(Data Opens)
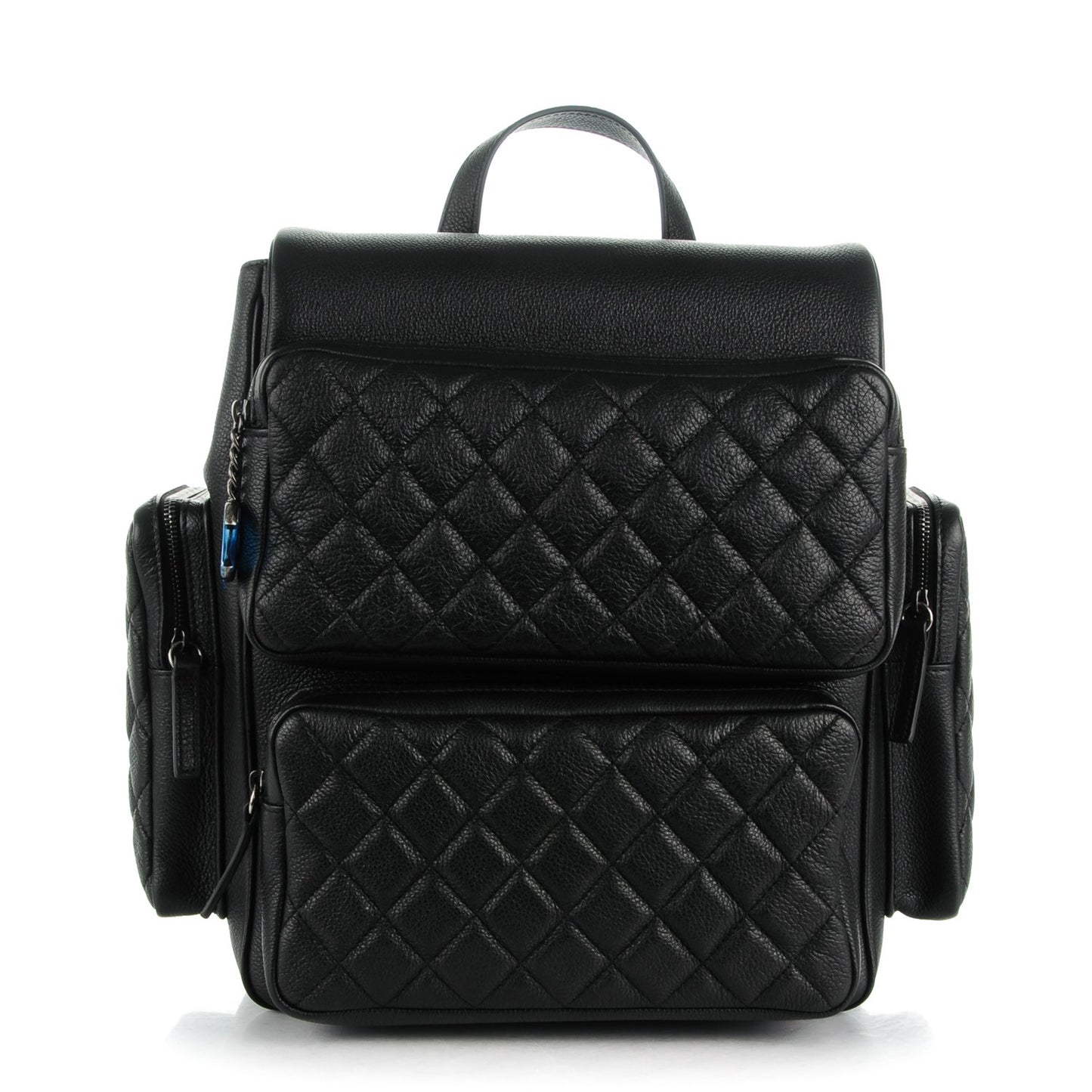 Grained Calfskin Quilted Large Casual Rock Backpack Black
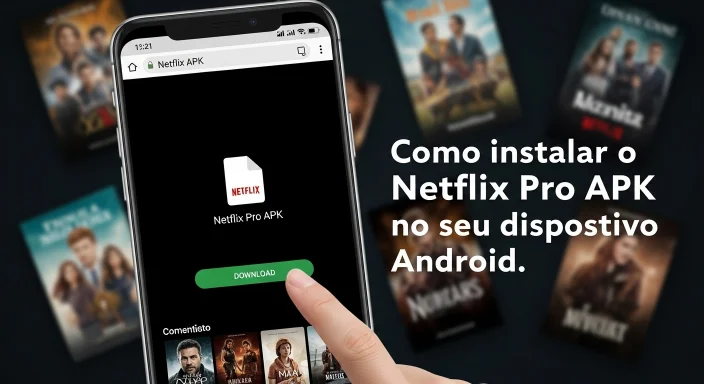 Captura de tela de um celular mostrando a interface de instalação do Netflix Pro APK. A tela exibe a logo da Netflix, o botão 'DOWNLOAD' em destaque e o título 'Como instalar o Netflix Pro APK no seu dispositivo Android'. Ao fundo, é possível ver uma variedade de capas de filmes e séries, ilustrando o catálogo de conteúdo que estará disponível após a instalação. O tutorial, em português, guia o usuário passo a passo pelo processo de instalação no Android."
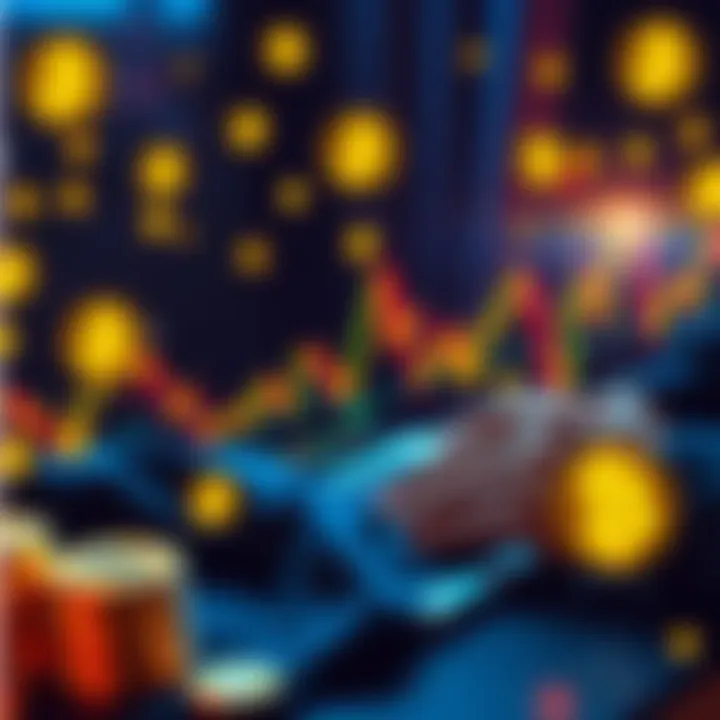 Investing in Cryptocurrency A person analyzing cryptocurrency charts on a laptop with digital currency symbols around them.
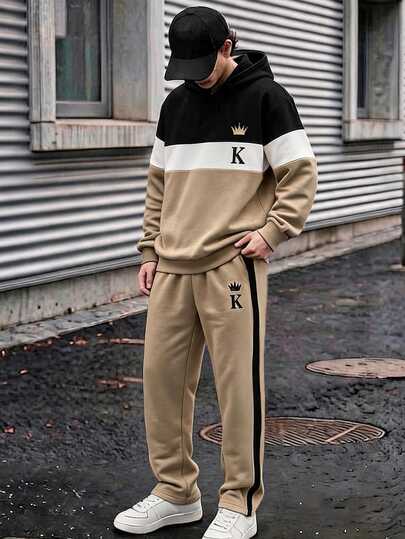 Teen Boys' Colorblock Hoodie And Side Stripe Sweatpants Set, Crown Letter Patch 2-Piece Casual Athletic Tracksuit Outfit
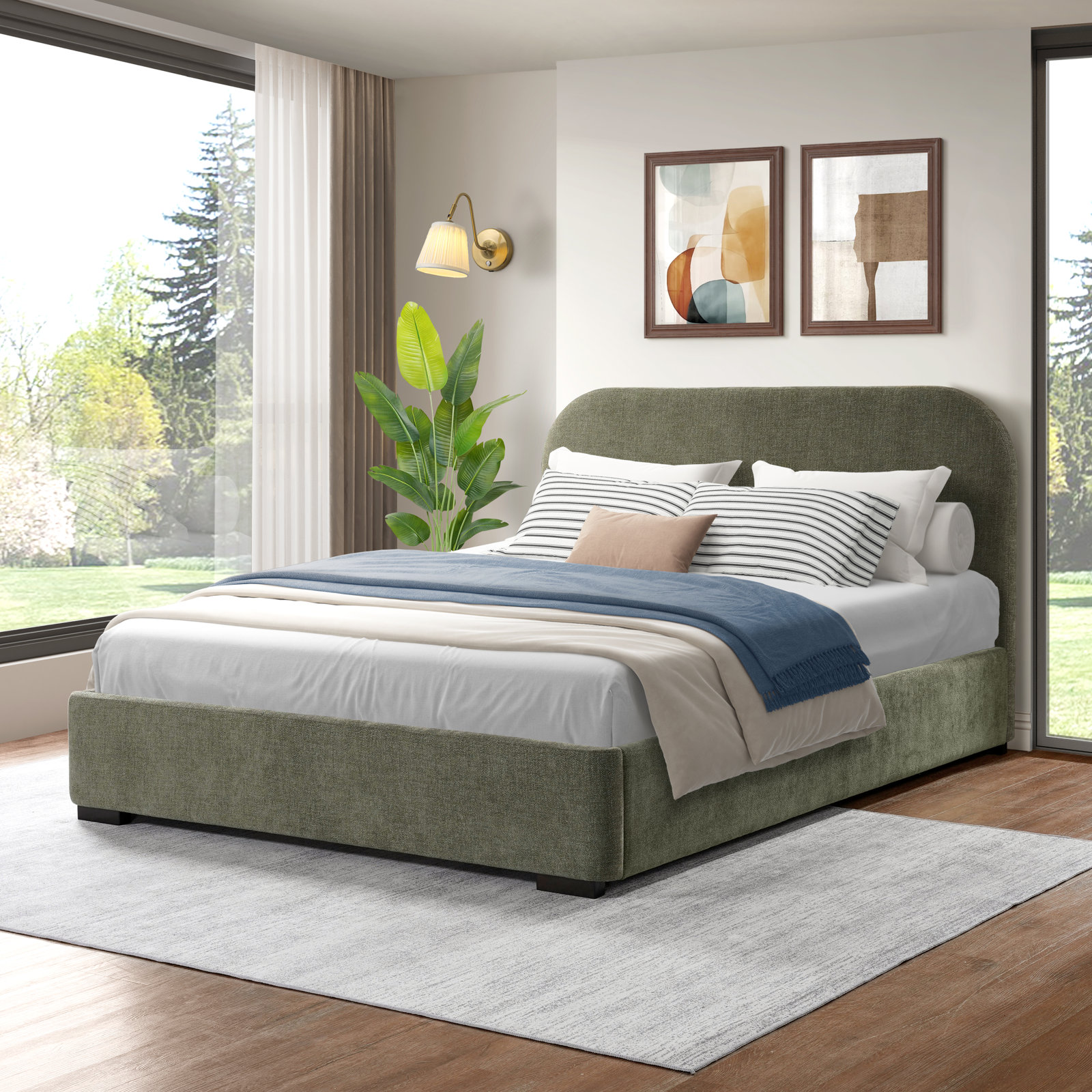 Reigen Platform Bed, Full, Olive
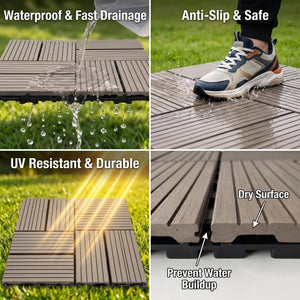 English Elm Wpc Interlocking Outdoor Deck Tiles 25 Pack Wood Plastic Composite Patio Flooring Set Dark Grey 8 Panel W2500P512734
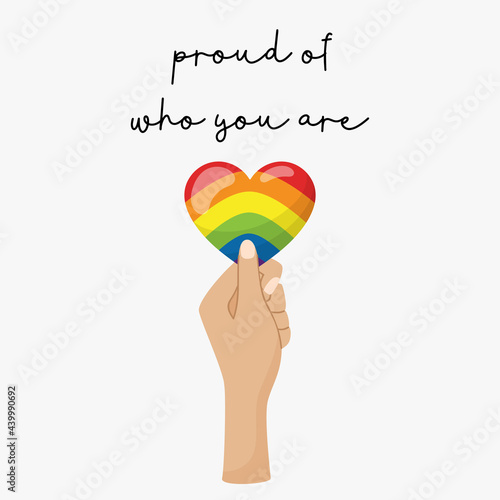 Vertical poster. A hand holds a heart in the colors of the LGBT flag. A symbol of tolerance, solidarity and fight for equality. Pride Month. Vector illustration isolated on a white background.
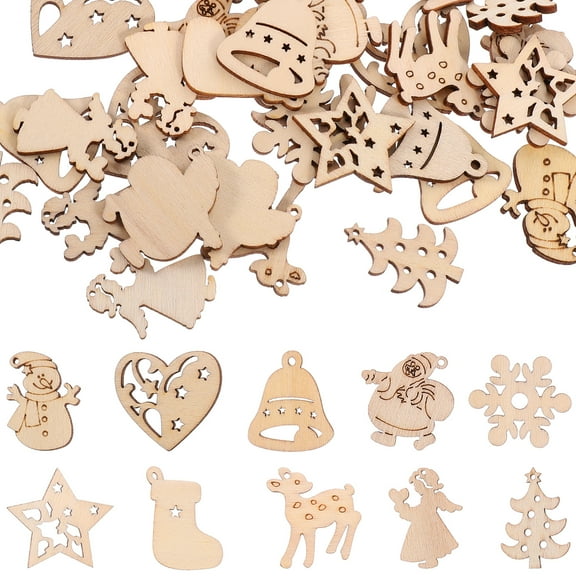 LOLIPPYY 100pcs Christmas Wooden Cutouts Wood Slices Xmas Wood Cutouts Mixed Style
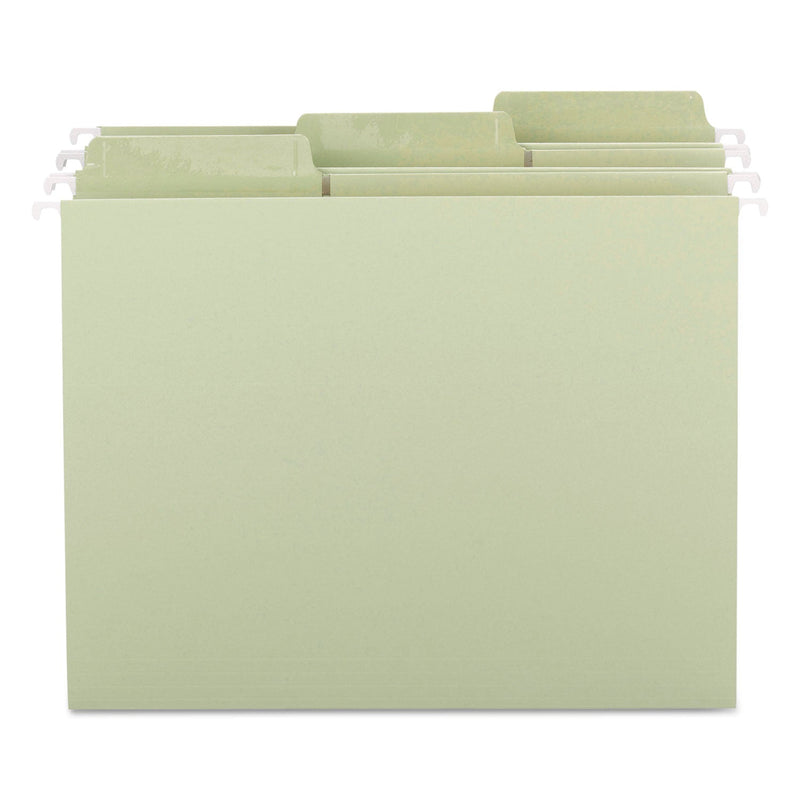 Smead Erasable FasTab Hanging Folders, Letter Size, 1/3-Cut Tabs, Moss, 20/Box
(Data Closes)
> [Task item]: The copy you give must run from the line containing "English Elm Wpc" through the last line of the records, exactly, with the pictures left out.

> [Response]:
 English Elm Wpc Interlocking Outdoor Deck Tiles 25 Pack Wood Plastic Composite Patio Flooring Set Dark Grey 8 Panel W2500P512734
 Vertical poster. A hand holds a heart in the colors of the LGBT flag. A symbol of tolerance, solidarity and fight for equality. Pride Month. Vector illustration isolated on a white background.
 LOLIPPYY 100pcs Christmas Wooden Cutouts Wood Slices Xmas Wood Cutouts Mixed Style
 Smead Erasable FasTab Hanging Folders, Letter Size, 1/3-Cut Tabs, Moss, 20/Box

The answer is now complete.